Si le gouvernement Trudeau mène une guerre sur deux fronts, les dirigeants syndicaux et néo-démocrates sont ses “lieutenants de la main-d’oeuvre”. Leur tâche spécifique est de contenir, de détourner et de faire dérailler l’opposition montante de la classe ouvrière.»

La législation anti-briseurs de grève vise à renforcer l’alliance corporatiste anti-ouvrière entre les ministres du gouvernement, les dirigeants d’entreprise et les bureaucrates syndicaux.
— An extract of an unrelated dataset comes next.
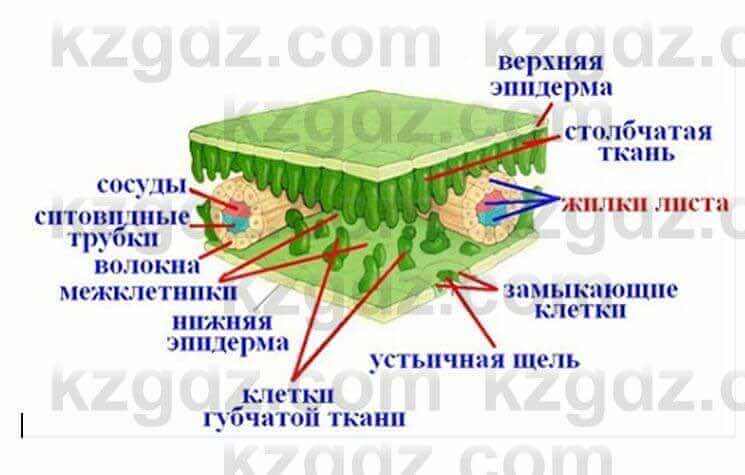 Биология Очкур 7 класс 2018 Задание 26.1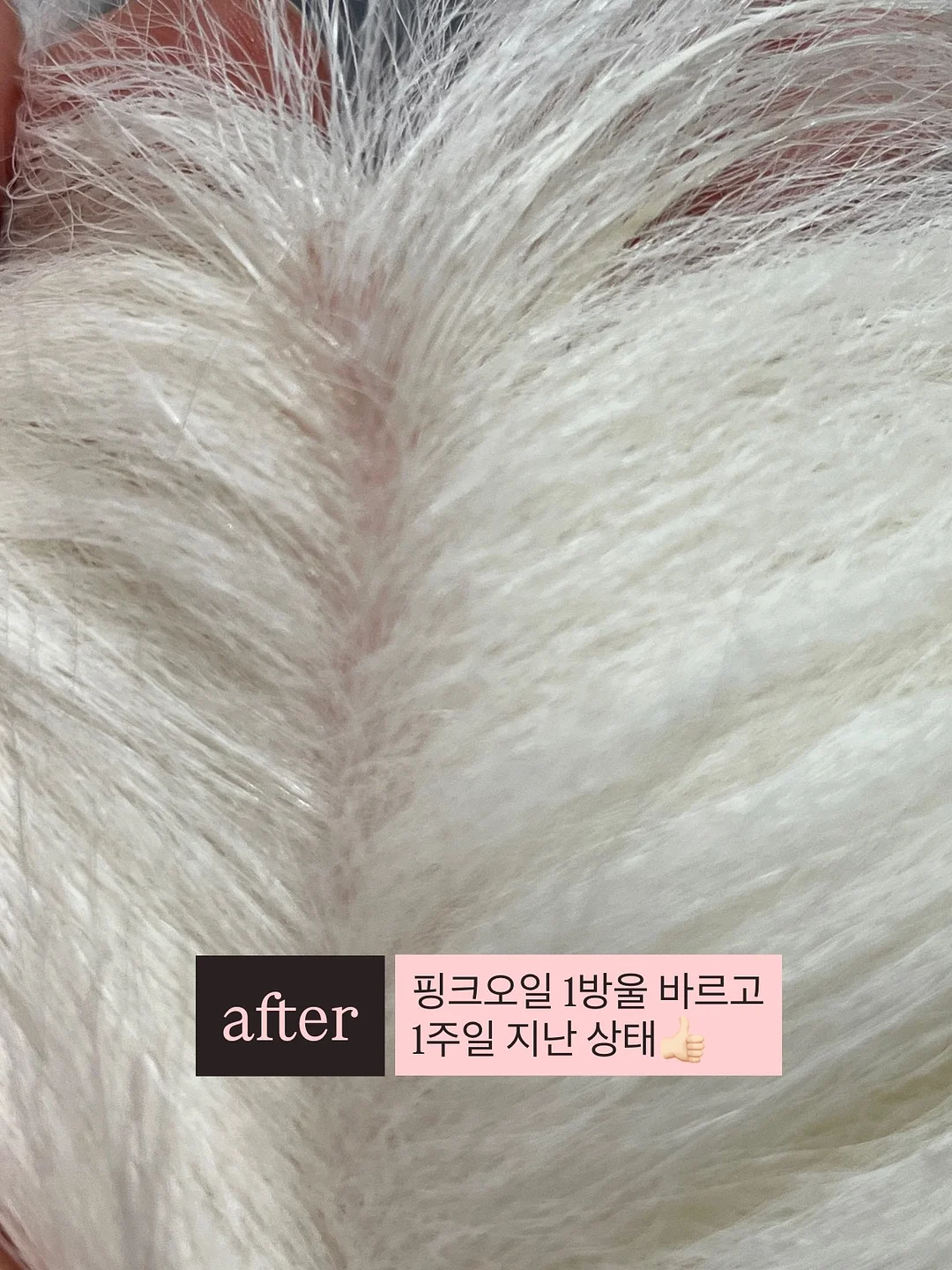 팔레타이징 로봇 렌탈 5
En «renforçant» le système de «négociation collective», leur objectif est d’étouffer l’opposition croissante de la classe ouvrière et de contenir les conflits contractuels au sein d’institutions réglementées par l’État et pro-patronales.

La tâche urgente de la classe ouvrière est de se libérer du carcan politique imposé par la bureaucratie syndicale et le NPD. Cela exige impérativement une lutte politique contre le gouvernement Trudeau et l’alliance libérale, syndicale et néo-démocrate sur laquelle il repose. Cela nécessite de se tourner vers un programme socialiste et internationaliste pour la mobilisation des travailleurs au Canada aux côtés de leurs frères et sœurs de classe en Amérique du Nord et dans le monde entier contre l’austérité capitaliste et la guerre, et pour le pouvoir ouvrier et le socialisme.